The quarantine period for more than 160 possible Ebola contacts in Liberia has finally ended. The surveillance efforts were part of the mandatory policy of the country to ensure that the virus does not spread any further following a reported case.

The Friday announcement puts Liberia one step closer to achieving disease-free status for the third time since the virus emerged in the country.

Among the individuals included in the quarantine are healthcare workers, who tried to treat the country's last Ebola victim - a 15-year-old boy, who died of the disease on Nov. 23. His brother and father also tested positive for the disease.

"We went 21 days and nobody became symptomatic," said Tolbert Nyenswah, the leader of the nation's Ebola response team. Such finding means that there are no active spreads of the virus at the moment.

Out of the 11,300 total victims, over 4,800 Liberians died due to the hemorrhagic fever.

The country has already been declared disease-free in May and September this year. Despite the glorious announcements, the virus just keeps on finding its way back to the communities.

Sierra Leone and Guinea, two of the other African countries severely struck by the disease, has already ended the epidemic.

In a new study, published in the journal Cell, researchers studied 165 Ebola genomes obtained during the second wave of the epidemic, which was in May 2014.
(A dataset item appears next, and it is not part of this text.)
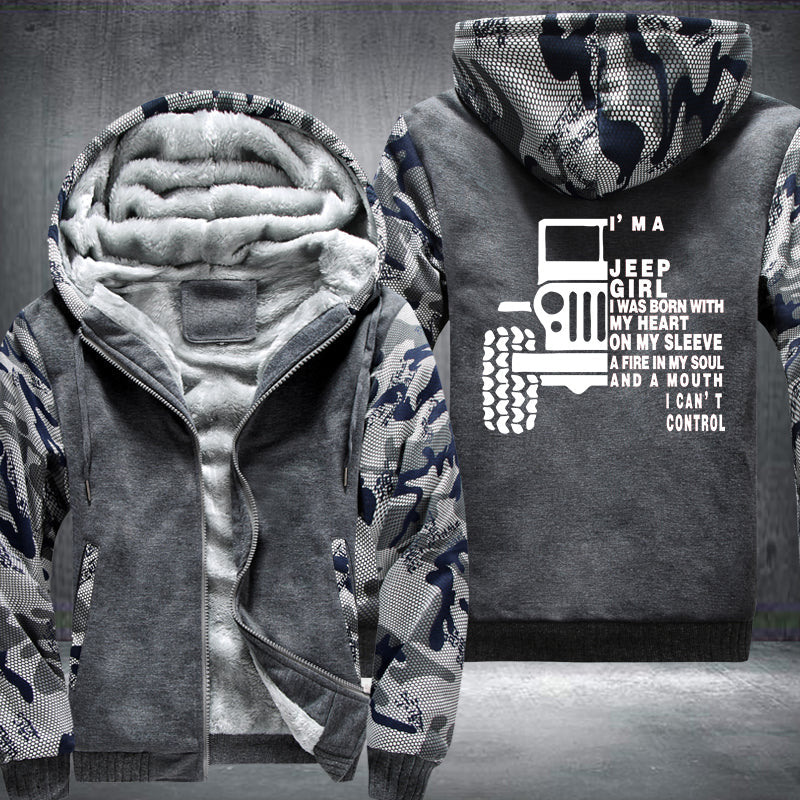 I'm a jeep girl I was born with my heart Fleece Hoodies Jacket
The experts found that Liberia got its first case from Guinea in March 2014. Shortly after, the country was able to eliminate the virus in April 2014.

In July 2014, the second wave of the infection occurred. However the researchers found that all the collated viral samples had a single lineage, which is called SL2. For this wave, a woman from Sierra Leone is suspected to have travelled to Monrovia, Liberia, carrying the said lineage.

The virus was transmitted to Guinea for five more times at the minimum and one of the sublineages was spread from Guinea to Mali in two different times.

The Centers for Disease Control and Prevention (CDC) said the 2014 Ebola outbreak is the largest in history.